Wednesday, May 17, 2006

Games to switch off your mind

What gaming experiences feel like entering alpha state of mind? What games make you not think, but meditate?

As a player, two distinct approaches can do the trick for me:

The first one are hand-eye coordination games, specially if they require repetition of some kind. Racing games, platform games... Going several times through the same level often helps me to disconnect (not that I do it on purpose, though). Games like that make you feel like my your reflexes are doing all the work, while you passively stare at the monitor. It feels a little bit dumb too, really. Thinking is hardly a problem - you have already memorized every single action I need to perform in order to advance. It's just a matter of timing - a little bit like playing a musical instrument. Icy Tower is a good example of the kind...

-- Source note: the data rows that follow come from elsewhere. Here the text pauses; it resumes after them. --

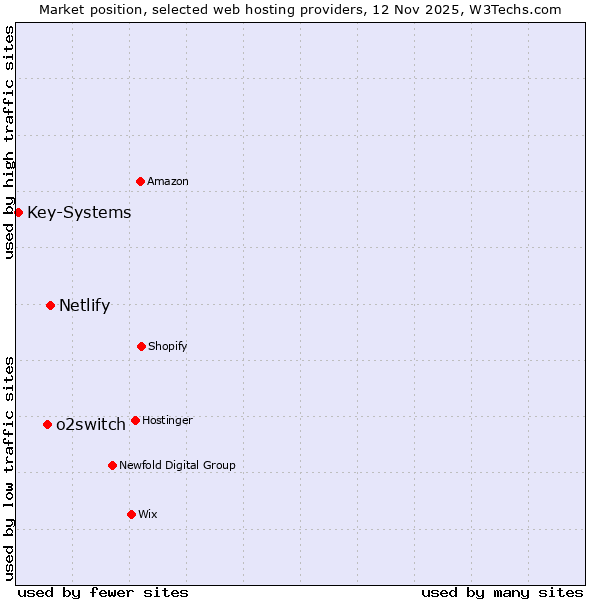 Market position of Netlify vs. o2switch vs. Key-Systems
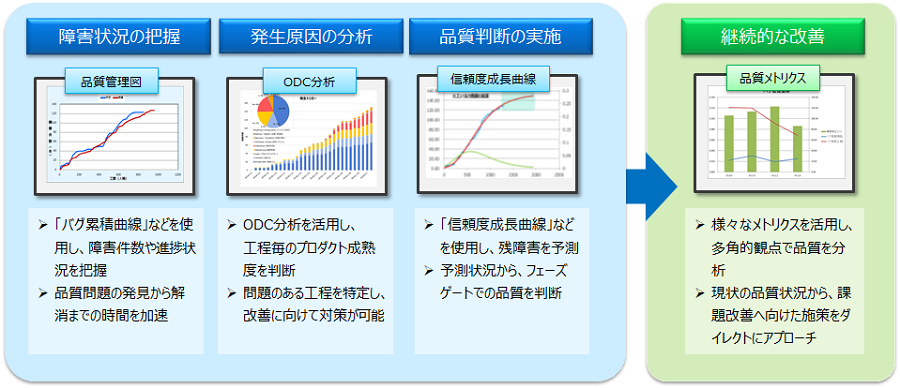 品質分析/メトリクスダッシュボード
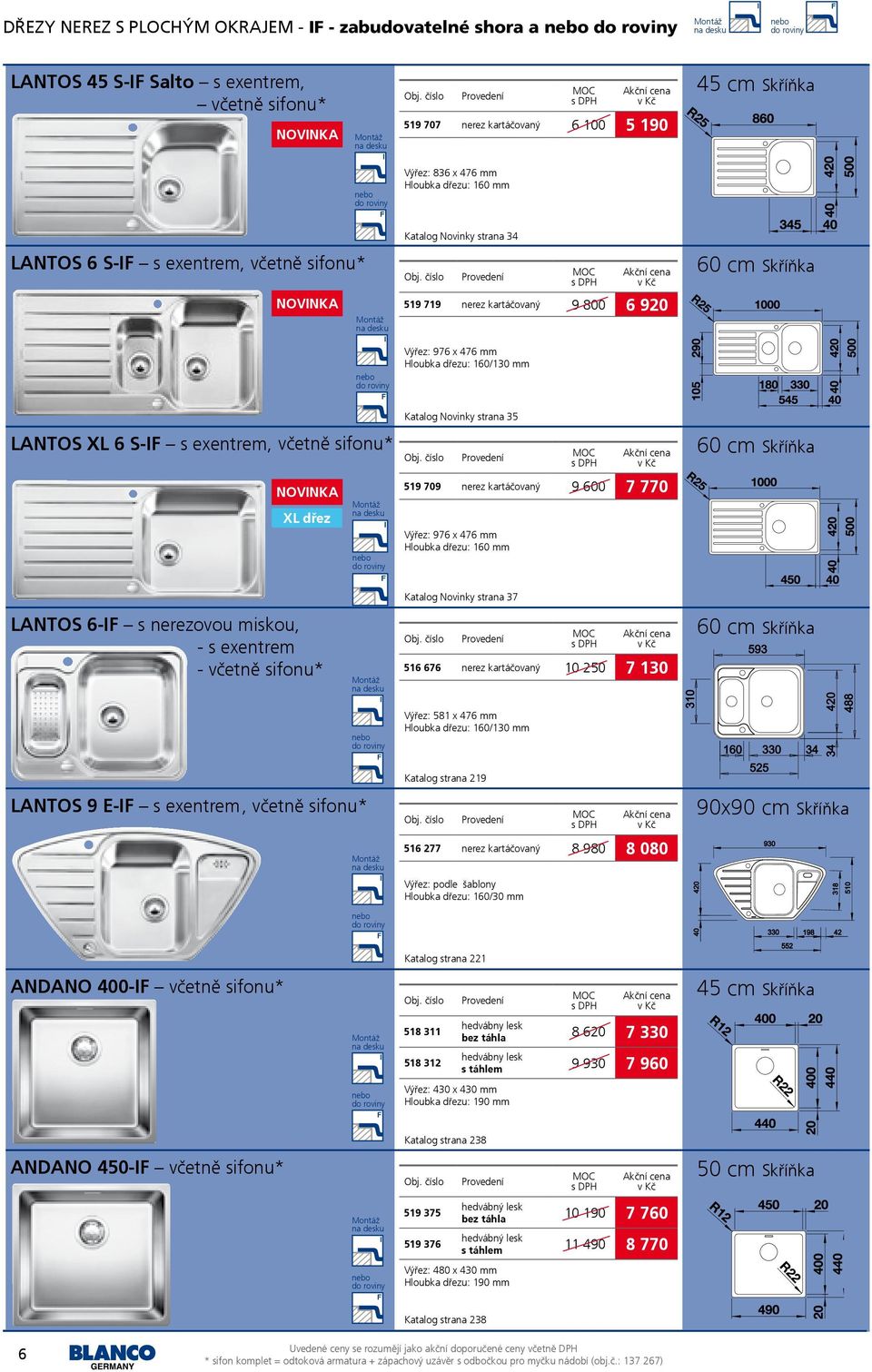 Katalog Novinky strana 35 519 709 nerez kartáčovaný 9 600 7 770 Výřez: 976 x 476 mm Hloubka dřezu: 160 mm Katalog Novinky strana 37 LANTOS 6-IF s nerezovou miskou, - s exentrem - včetně sifonu* 516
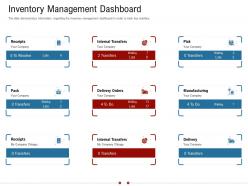 Inventory management dashboard warehousing logistics ppt information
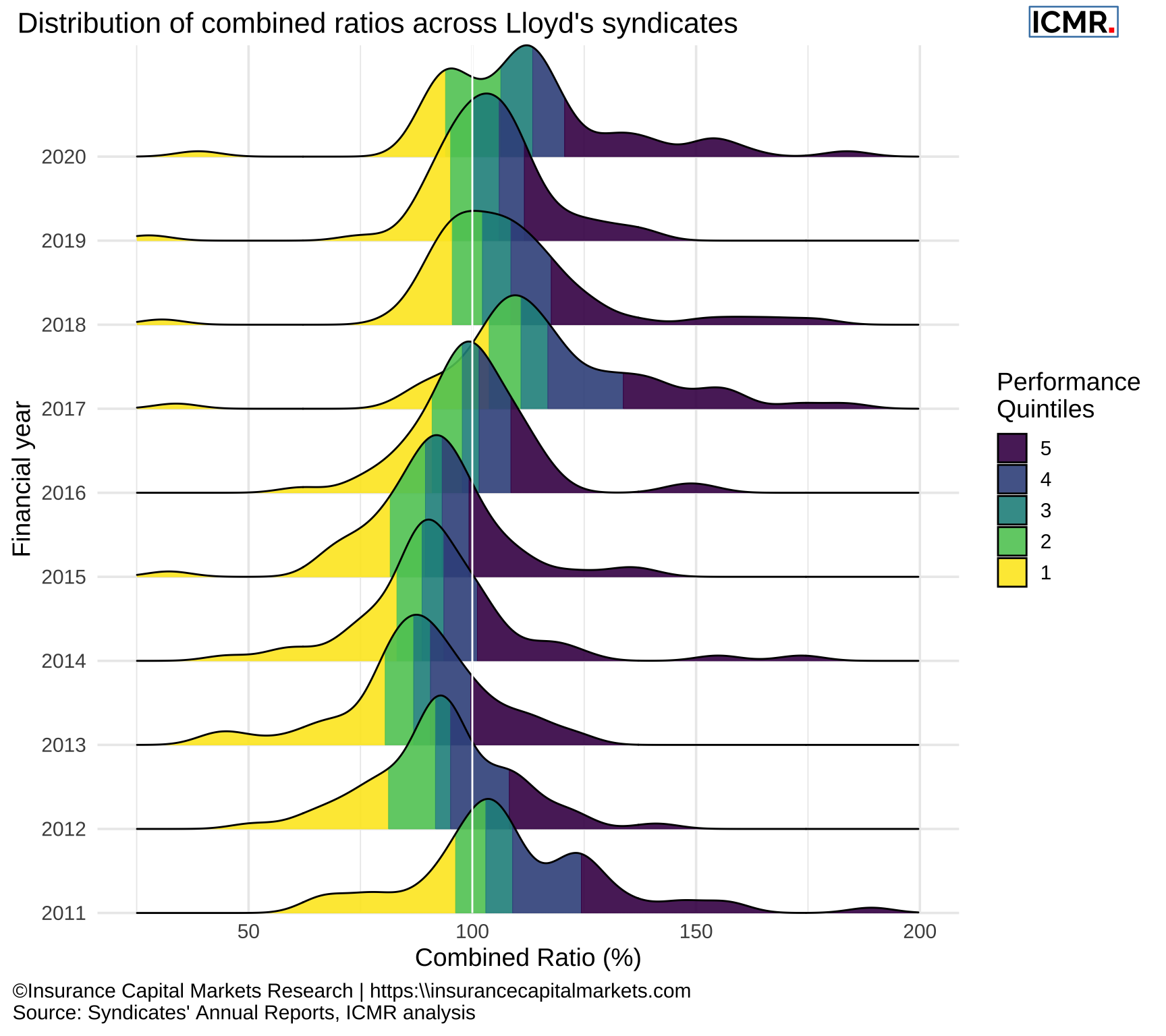 Distribution of syndicates' combined ratio from 2011 - 2020. All syndicates with a number greater than 6000 (SPAs) have been excluded, as well as the first three years of start-up syndicates and syndicates that wrote less than £20m in each year. SPAs have been excluded since they are reinsurance arrangements of the host syndicate and as such don't make underwriting decisions, the other syndicates have been excluded as their performance can be very volatile for the lack of premium volume.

The other category that has a similar effect on me are more free-style games. The annoying flash mini-game on your right is my attempt to do something like that in a very economical way (and I really need to make a new one). Games where you don't have to worry about the outcome (I've been avoiding the use of the term nongames lately), and just perform actions to watch what happens next. Maybe Electroplankton could fit.

A balanced title, between those two categories, would be the Tony Hawk series, I guess.

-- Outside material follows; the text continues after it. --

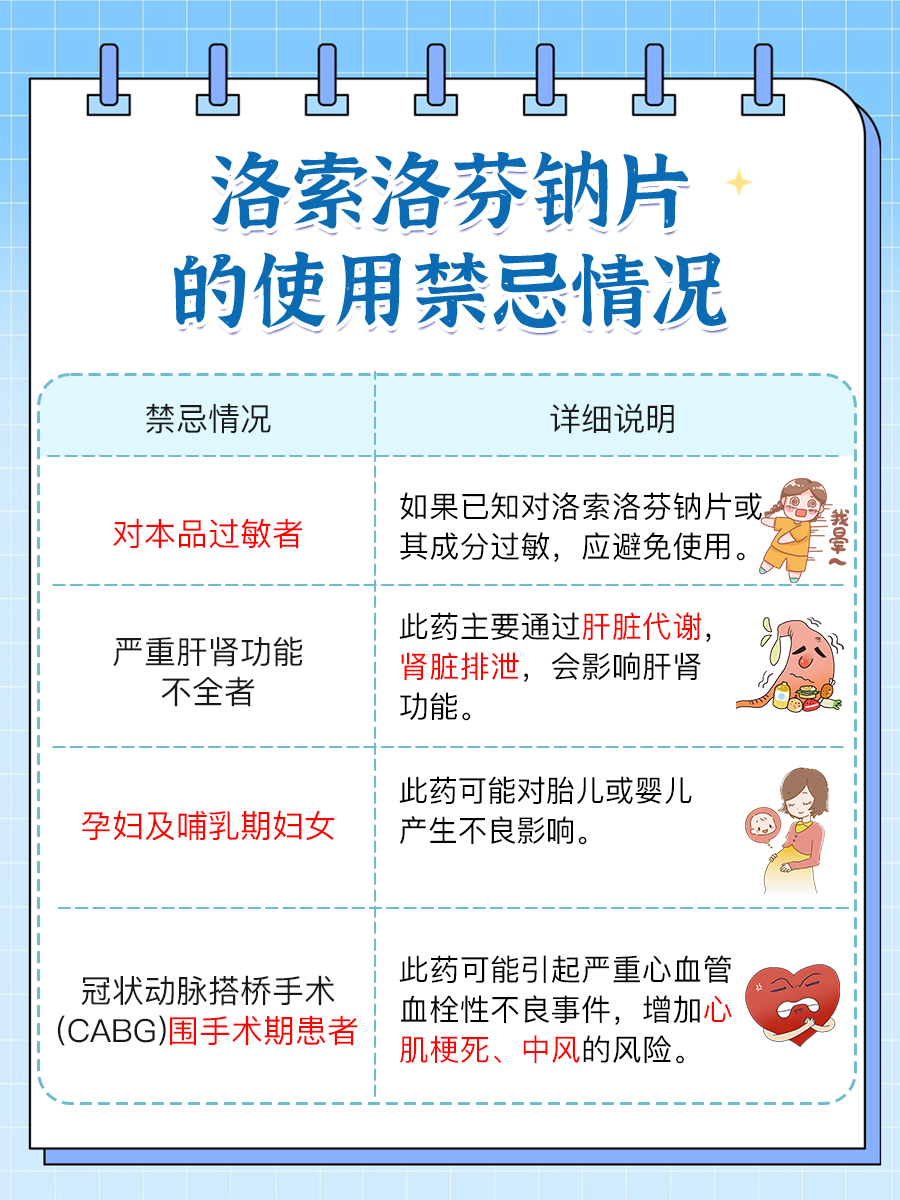 洛索洛芬钠片不能和什么药一起吃，你都知道吗？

Interestingly, most titles mentioned above present some variation of Vertigo, to a certain degree. I am not sure real-life activities like that allow participants to empty their minds, although I'm pretty much sure roller-coaster and radical sports enthusiasts could argue something at least vaguely similar about the effects adrenaline or endorphine. I believe Sutton-Smith would identify such activities as related to the "self" rhetoric on games - also related to individualism and what he calls "Peak experiences". Would meditation fit?

6 comments:

Chris said...

Meditation certainly empties my mind - or at least, while I am meditating I am in the process of emptying my mind. On a really good day, I can reach a flow state in meditation.

Chico Queiroz said...

Interesting. Do you feel any similarities between the state of mind during meditation and while playing games? If so (and I guess the answer is "yes", since you used the expression "flow state"), which genres or titles do you feel get closer to that effect?

Anonymous said...

Tony Hawks achieves this very well. I often play this with some my music playing and just skate around making pleasant patterns and looking for new lines and combinations. I do not know many other games in which I am happy to do this. Free mode often feels a hollow experience and makes you feel that you are not developing or making proper progress- which you will only do in the main game. Is this kind of free play what you are calling the "flow state"? I have not met this term before.

Chico Queiroz said...

I'm not sure that's exactly what Chris meant on his comment (I guess it is), but I understand this "flow state" as an optimal point between boredom and anxiety - something related to Csikszentmihalyi's model of flow.

You can learn more about it on Chris' website.

Chico Queiroz said...

I often think that's not quite an appropriate term, since those products seems to be, essentially, video games.

But I gave up not using the term after seeing that it is already being used to describe those same products. More on that on the next post...

Chico Queiroz said...

Possibly. Free-jazz, maybe. Revolution #9, from the white album, for sure.